Will my cyber insurance policy accept passkeys as meeting MFA requirements?
Many insurers are updating language to recognize passkeys as satisfying or exceeding MFA requirements, but confirm directly with your insurer or broker since policy language varies.
How do MFA fatigue attacks work, and do passkeys prevent them?
Attackers repeatedly trigger push-based MFA approval requests, hoping the user eventually approves one out of frustration or confusion. Passkeys eliminate this attack entirely since there’s no repeated approval prompt involved.
Should small businesses prioritize passkeys or wait for broader adoption?
Start now where supported, particularly for high-privilege accounts (admin, financial systems). The security benefit is significant enough that waiting for universal adoption means leaving known vulnerabilities unaddressed in the meantime.
Final Verdict
Passkeys represent a genuine security advancement over traditional MFA, specifically because they eliminate the shared-secret vulnerability that real-time phishing attacks exploit. However, traditional MFA — particularly app-based, non-SMS MFA — remains necessary for the many business applications that haven’t yet adopted passkey support.
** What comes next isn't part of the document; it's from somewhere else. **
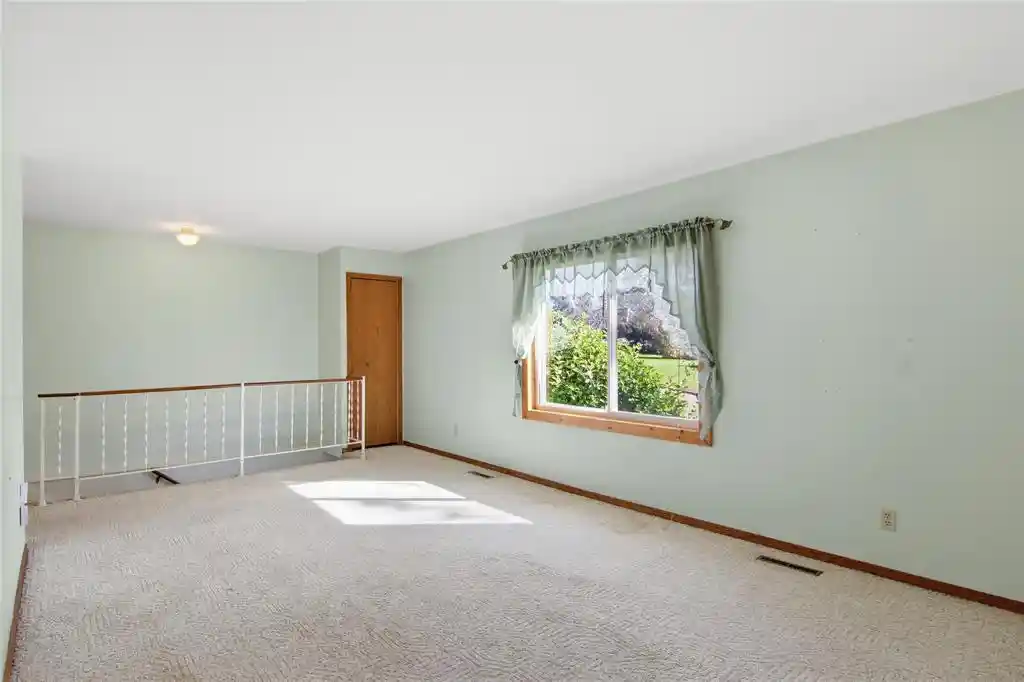 Photo 2 of Single family home for sale at 921 S Main Ct, Bloomer, WI 54724 | MLS# 1606132 | Listing updated on 2026-10-22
The practical path for most small businesses isn’t choosing one over the other — it’s rolling out passkeys aggressively wherever supported while strengthening traditional MFA (eliminating SMS specifically) everywhere else. Authentication security in 2026 is about layering the strongest available method per application, not standardizing on a single approach across your entire stack.
This guide reflects general security industry guidance and authentication standards as of mid-2026. Specific platform support and capabilities continue to evolve — verify current passkey support directly with each vendor.